Governments on Sunday approved a major new United Nations report on climate change, after it was held up by a battle between rich and developing countries over emissions targets and financial aid for vulnerable countries.
What is the purpose of the report?
- The report by the UN's Intergovernmental Panel on Climate Change is intended as a cover for the massive amounts of research on global warming that have been collected since the 2015 Paris climate agreement.
- The United Nations plans to release the report during a press conference early Monday afternoon.
- The unusual process of getting states to sign off on a scientific report is intended to ensure that governments accept its findings as official advice on which to base their actions.
Guterres: There is very little time left
- At the outset of the meeting, United Nations Secretary-General Antonio Guterres called on government delegates to present "hard and concrete facts" to deliver the message that there is little time left for the world to limit global warming to 1.5 degrees Celsius, when the global average has already risen. Global temperatures have increased by 1.1°C since the 19th century.

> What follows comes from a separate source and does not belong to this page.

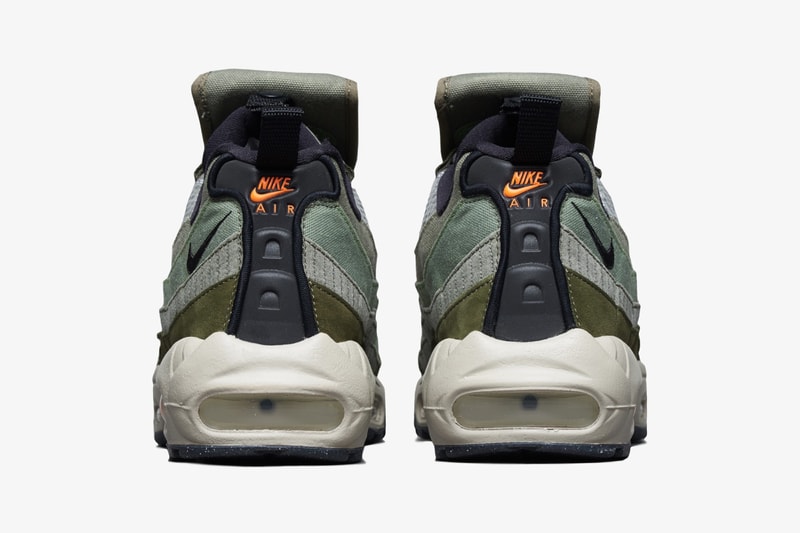 나이키 에어 맥스 95 ‘미디엄 올리브’ 국내 공식 발매 정보, SNKRS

- Guterres insisted that the "target of 1.5 is still possible, with rapid and deep emissions reductions in all sectors of the global economy".
thorny issues during the last meeting
- How to determine which developing countries are considered at risk, which makes them eligible to receive money from the "loss and damage" fund approved at recent UN climate talks in Egypt.
- Delegates wrangled over the figures for how much greenhouse gas emissions should be cut in the coming years, and how to include efforts to remove artificial or natural carbon in the equations.
- As the country that has released the most carbon dioxide into the atmosphere since industrialization, the United States has strongly opposed the notion of "historic responsibility" for climate change.